Large reasoning models are surprisingly bad at answering questions that require looking up specific facts, even when they seem to understand the reasoning process needed to find the answer. The issue is that the model can *identify* the correct facts during its thinking, but then doesn't actually *use* those facts when forming its final answer, leading to inaccuracies. It's like knowing the right information but forgetting it by the time you need to write down the answer.

What's the solution?

The researchers developed a technique called MR-ALIGN which focuses on improving the *way* the model thinks, rather than just checking the final answer. It works by analyzing the steps the model takes while reasoning and giving it feedback on those steps.

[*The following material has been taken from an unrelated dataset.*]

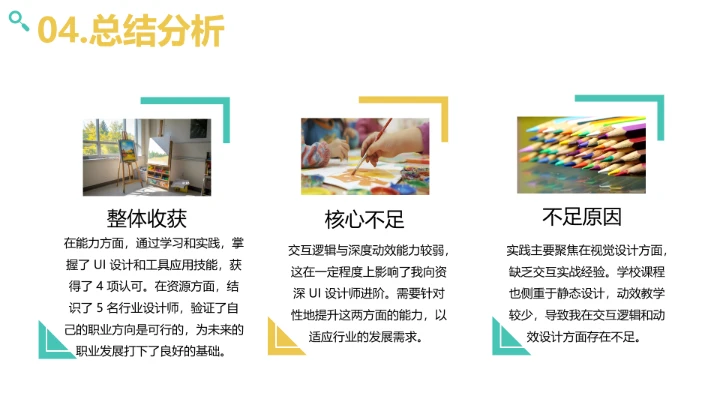 彩色简约视觉传达与设计专业大学生职业生涯规划发展展示PPT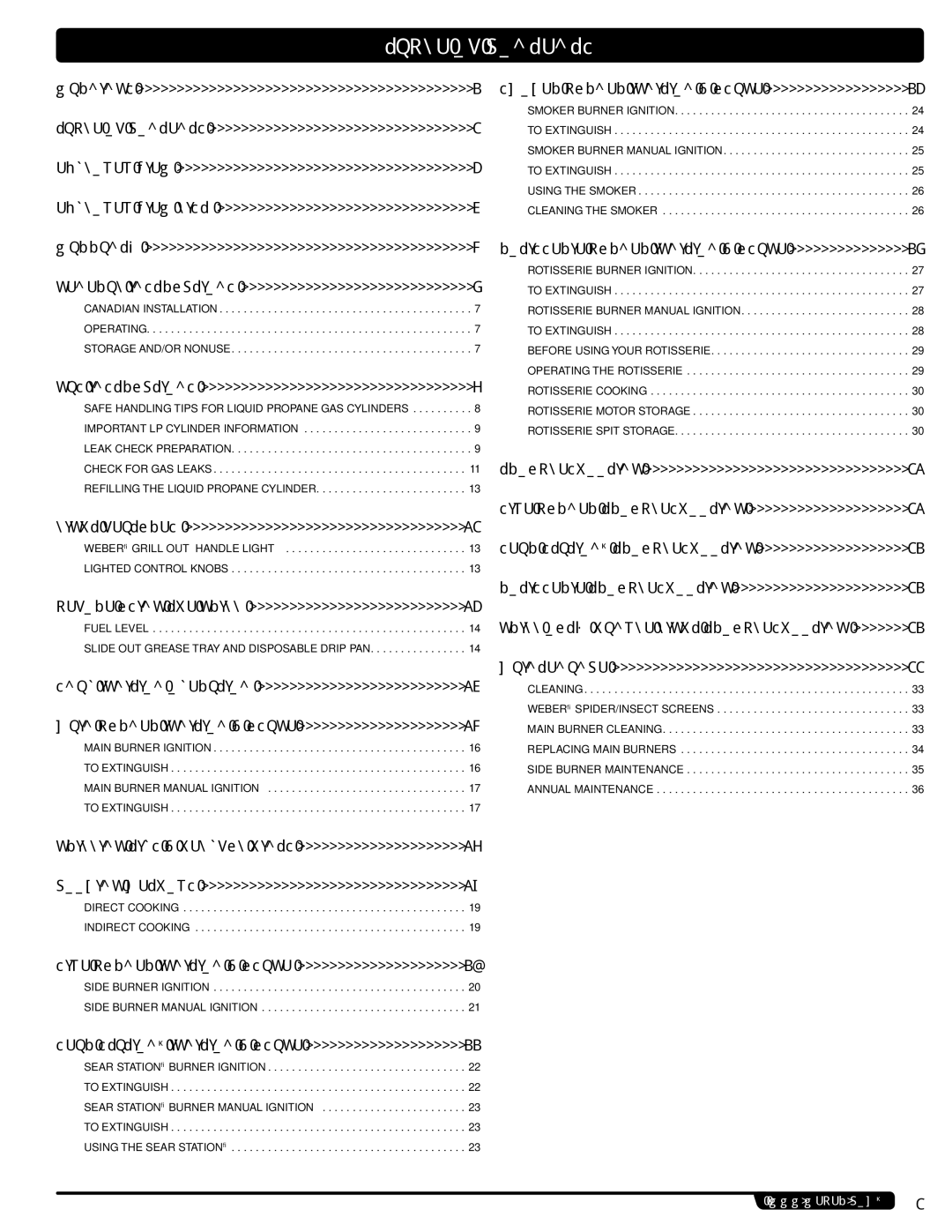 Weber 56204 manual Table of Contents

Specifically, it looks at how likely each step in the reasoning process is to lead to a correct answer and then encourages the model to repeat the good steps and avoid the bad ones. This is done by adjusting the importance of different parts of the model's thinking process, making it more likely to follow a path that leads to factual correctness.

Why it matters?

This research shows that improving the reasoning *process* itself is crucial for making large language models more reliable and truthful. Instead of just trying to correct the final answer, focusing on how the model arrives at that answer can significantly boost its performance and reduce the spread of misinformation. This is a step towards building AI systems that are not only intelligent but also trustworthy.

Abstract

Large reasoning models (LRMs) show strong capabilities in complex reasoning, yet their marginal gains on evidence-dependent factual questions are limited. We find this limitation is partially attributable to a reasoning-answer hit gap, where the model identifies the correct facts during reasoning but fails to incorporate them into the final response, thereby reducing factual fidelity. To address this issue, we propose MR-ALIGN, a Meta-Reasoning informed alignment framework that enhances factuality without relying on external verifiers. MR-ALIGN quantifies state transition probabilities along the model's thinking process and constructs a transition-aware implicit reward that reinforces beneficial reasoning patterns while suppressing defective ones at the atomic thinking segments. This re-weighting reshapes token-level signals into probability-aware segment scores, encouraging coherent reasoning trajectories that are more conducive to factual correctness. Empirical evaluations across four factual QA datasets and one long-form factuality benchmark show that MR-ALIGN consistently improves accuracy and truthfulness while reducing misleading reasoning. These results highlight that aligning the reasoning process itself, rather than merely the outputs, is pivotal for advancing factuality in LRMs.